■ **YOUR ASSIGNMENT**: The exercise calls for exact output of the lines between the one that contains "S-XXL Women Lace" and the end of the data, with both ends kept and pictures left out.

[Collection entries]
<<<<

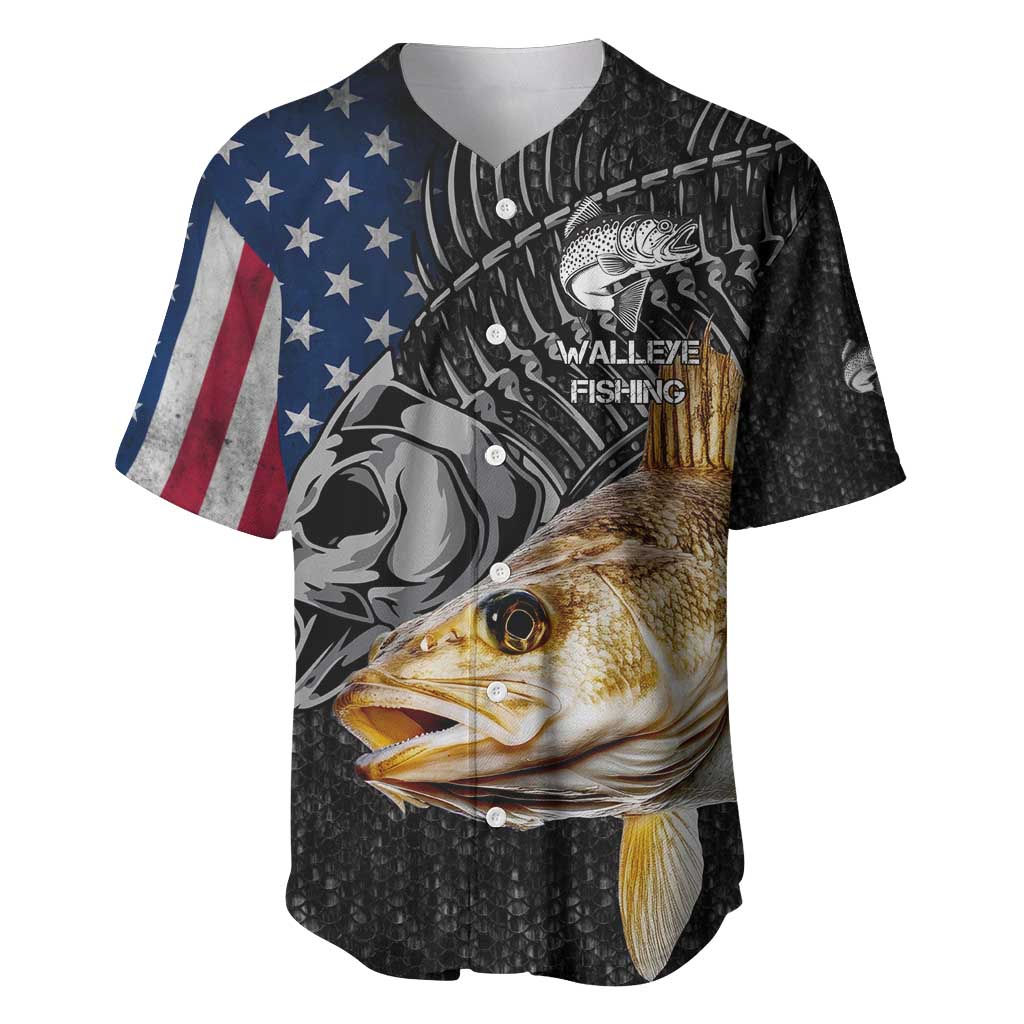 Walleye Fishing Skeleton Personalized Baseball Jersey Grunge American Flag and Realistic Fish Graphic - Wonder Print Shop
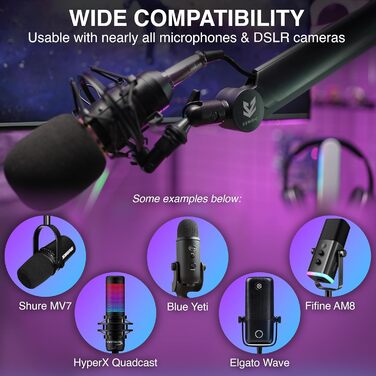 Підставка для мікрофона SENSIC SA-30 настільна з поворотним кріпленням, адаптер 3/8-5/8, універсальна, професійна, чорна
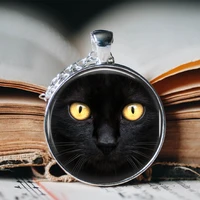 cute black cat glass pendant chain necklace for women girl animal charm jewelry gift accessories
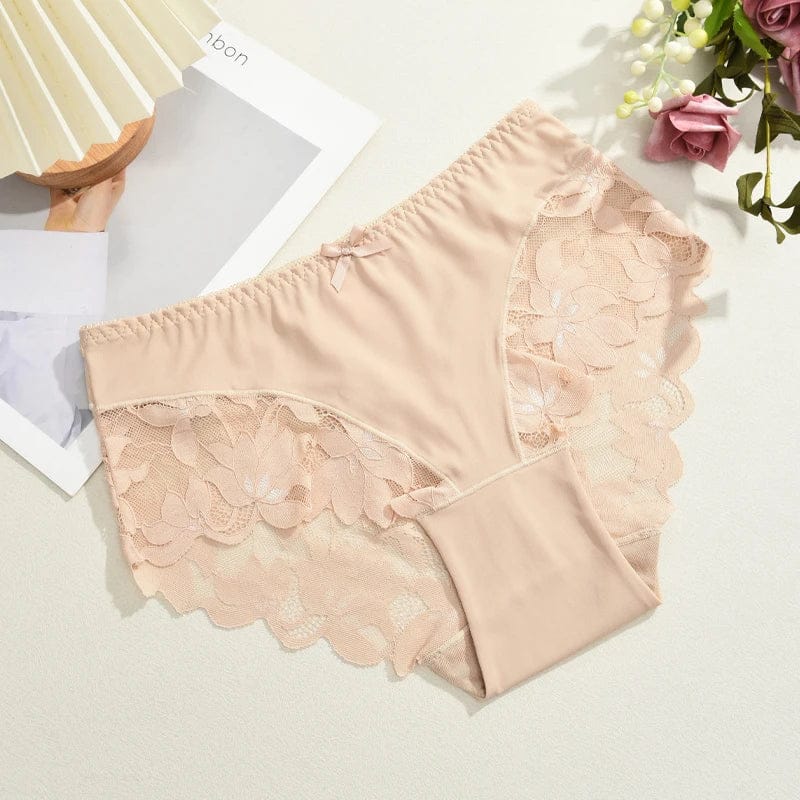 S-XXL Women Lace Panties Patchwork Seamless Underwear Sexy Luxury Hollow Out Solid Briefs Girls' Mid Rise Breathable Lingerie - A-1 Thread Vault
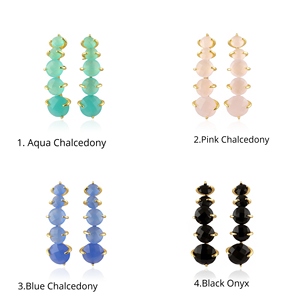18k Gold Plated <b>Black</b> Onyx Chalcedony Gemstone <b>Stud</b> <b>Earring</b> Women's Round Cut Latest Style Fashion Accessories Elegant Jewelry - Product Image 1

>>>>

■ **TASK SOLUTION**:
 S-XXL Women Lace Panties Patchwork Seamless Underwear Sexy Luxury Hollow Out Solid Briefs Girls' Mid Rise Breathable Lingerie - A-1 Thread Vault
18k Gold Plated <b>Black</b> Onyx Chalcedony Gemstone <b>Stud</b> <b>Earring</b> Women's Round Cut Latest Style Fashion Accessories Elegant Jewelry - Product Image 1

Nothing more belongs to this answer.